◆ **Description of the task**
Leaving out all pictures, repeat exactly the lines from the one that holds "立体实物客厅装饰画沙发背景墙高级感金属挂画简约美式餐厅墙壁画图片" to the last line of the entries below.

### Dataset excerpts ###

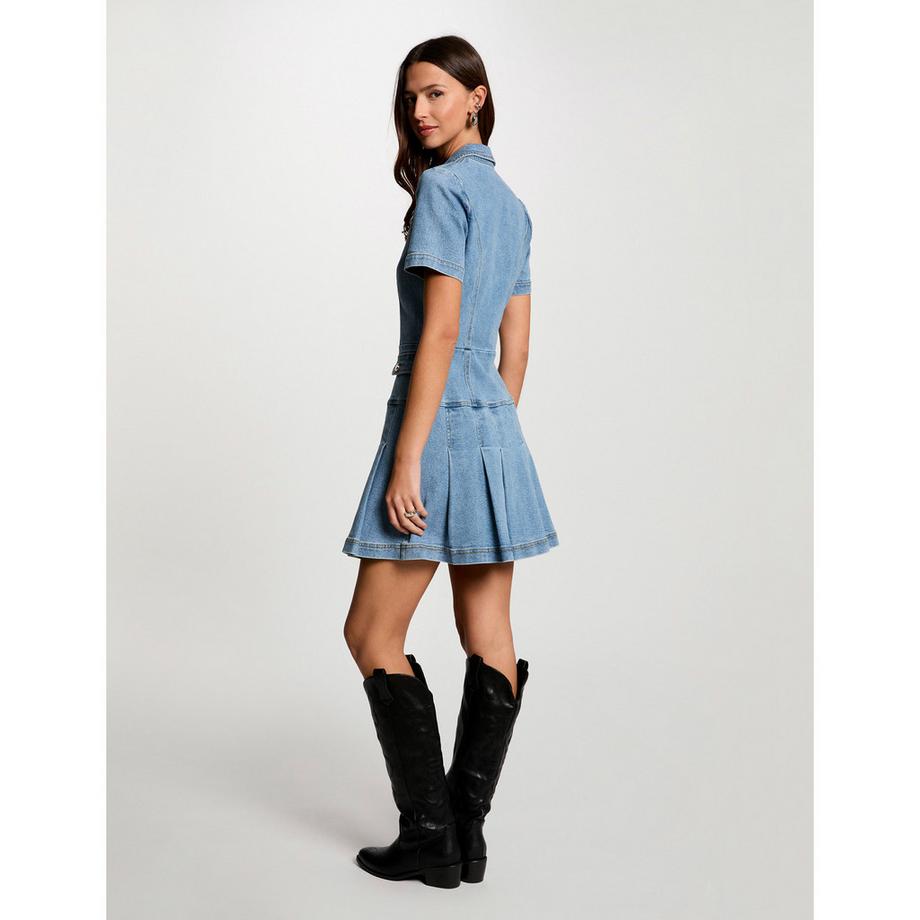 MORGAN Robe Mini en Denim  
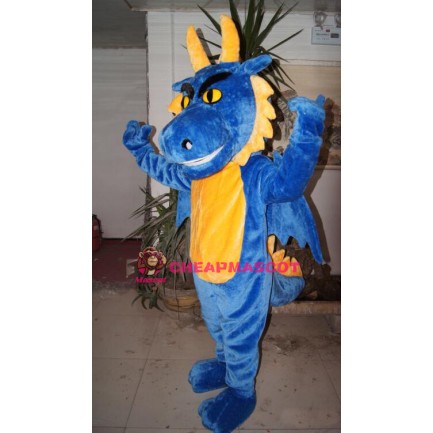 Affordable Blue Dragon Mascot Costume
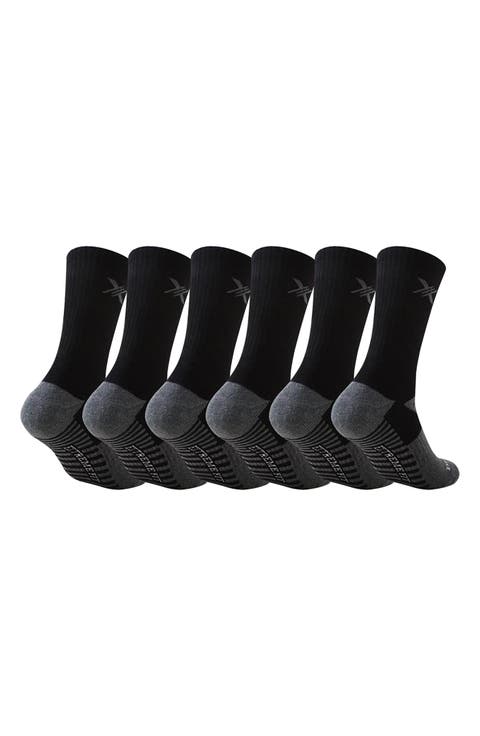 6-Pack Dri Tech Moisture Control Socks
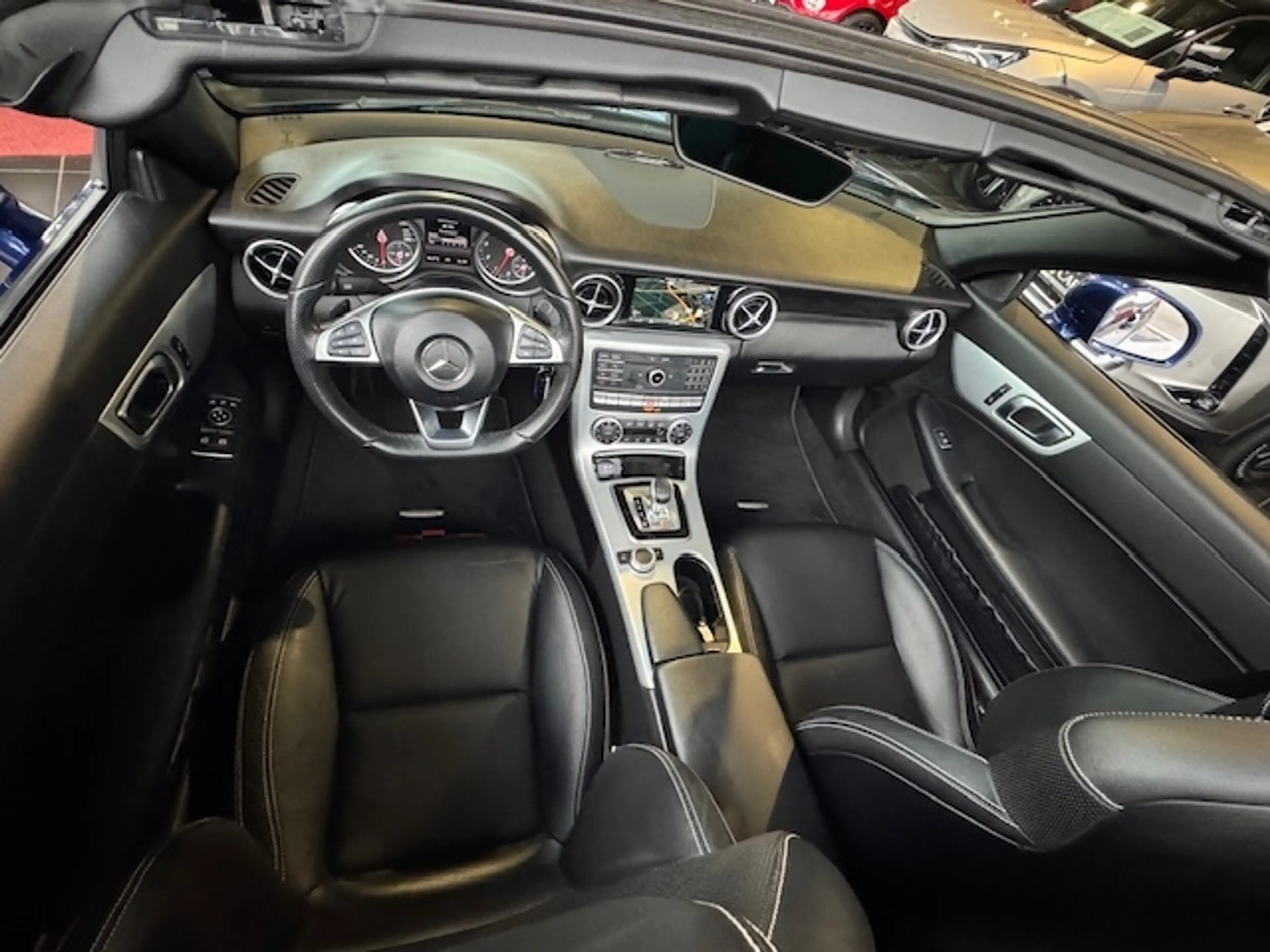 Mercedes-Benz SLC 200 9G-Tronic AirScarf KLIMA LED NAVI ALU — photo 14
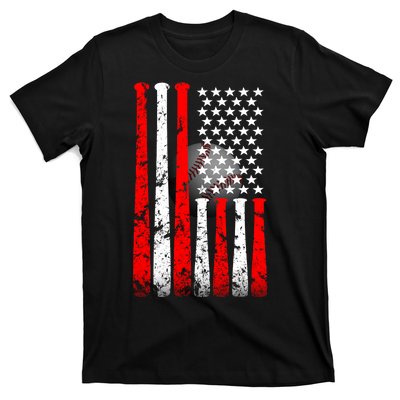 Vintage Baseball Flag T-Shirt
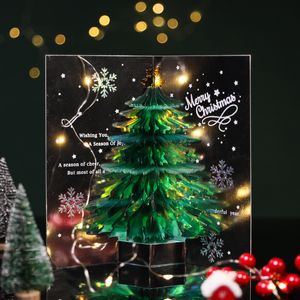 Biglietto di auguri 3D Idea Natale Vigilia di Natale Regalo aziendale Biglietto con messaggio Saluto festivo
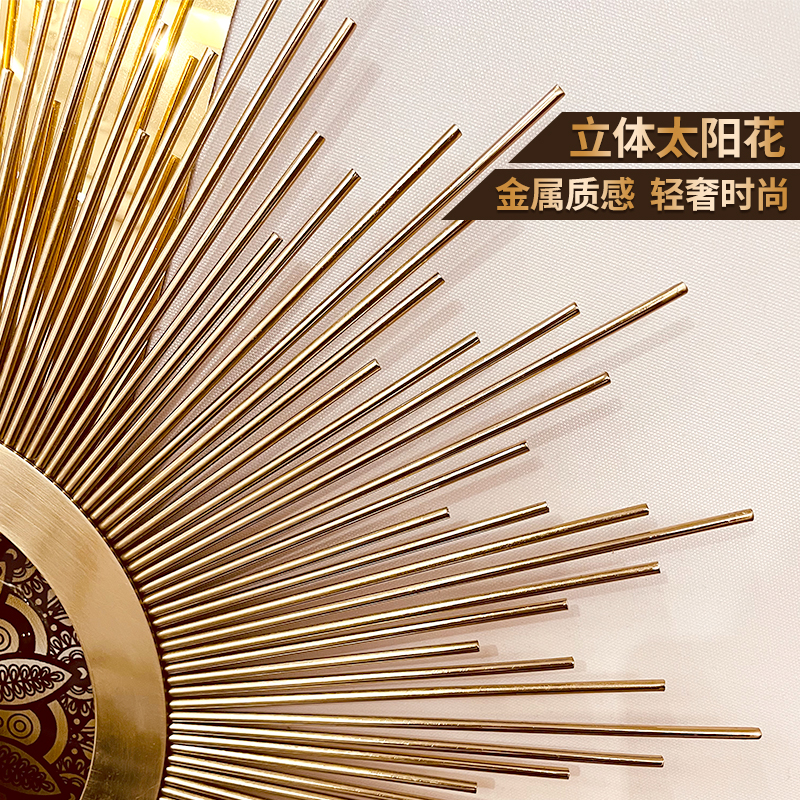 立体实物客厅装饰画沙发背景墙高级感金属挂画简约美式餐厅墙壁画图片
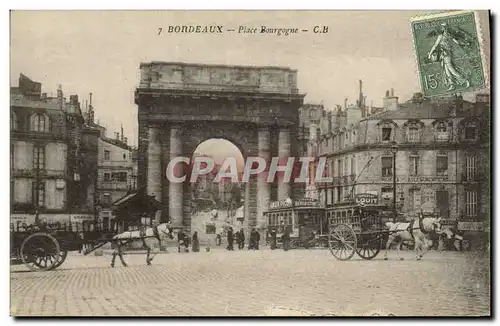 Cartes postales Bordeaux Place Bourgogne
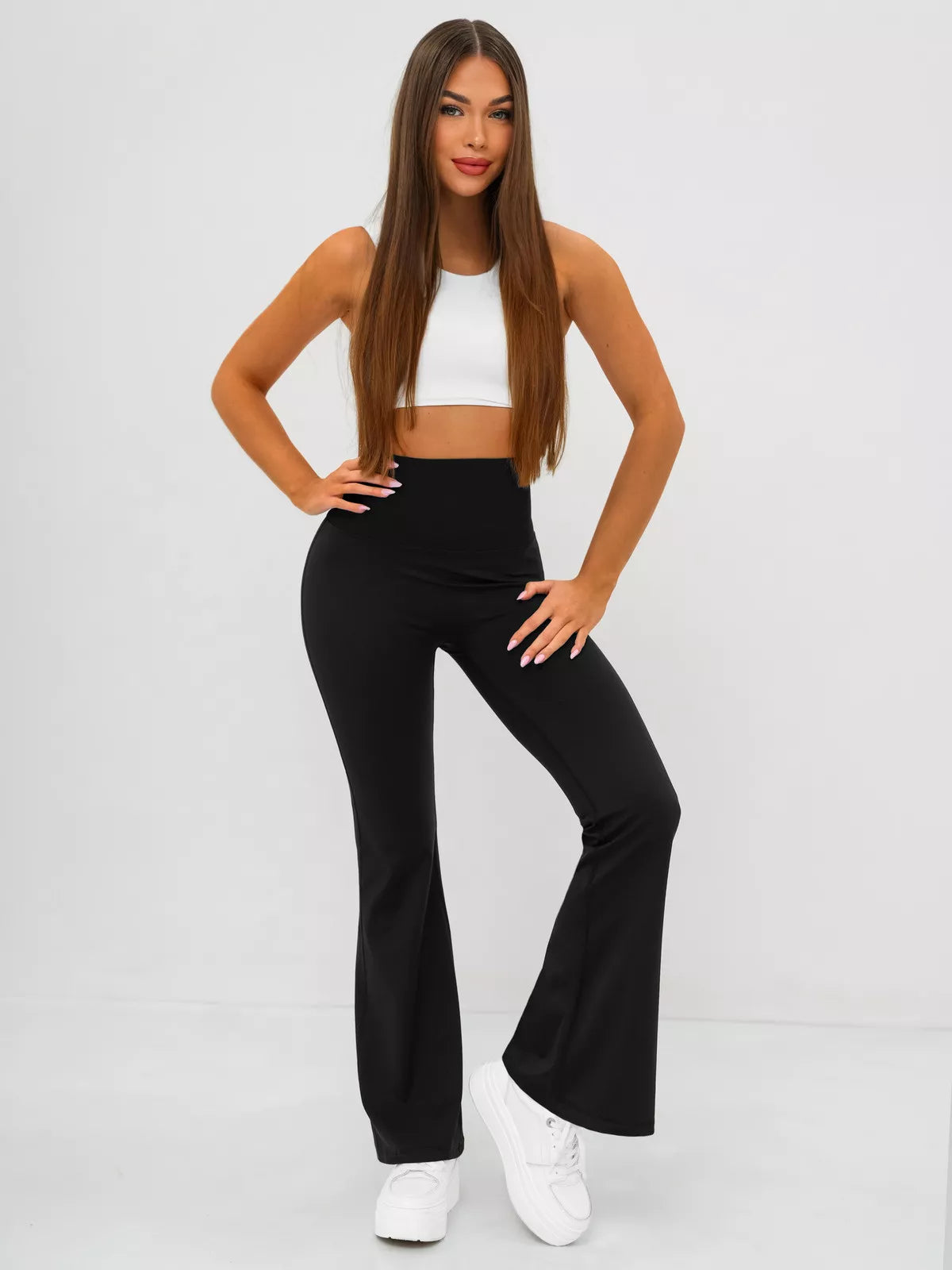 Women's black sports pants Perla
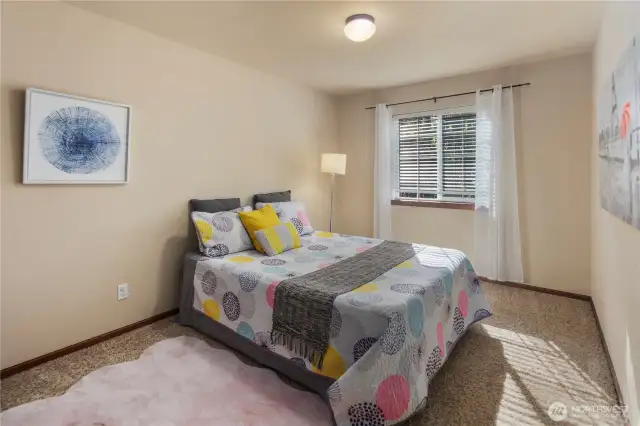 Bedroom 4 also faces west, stylish and comfortable.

###

◆ **Problem solution**
 立体实物客厅装饰画沙发背景墙高级感金属挂画简约美式餐厅墙壁画图片
 Cartes postales Bordeaux Place Bourgogne
 Women's black sports pants Perla
 Bedroom 4 also faces west, stylish and comfortable.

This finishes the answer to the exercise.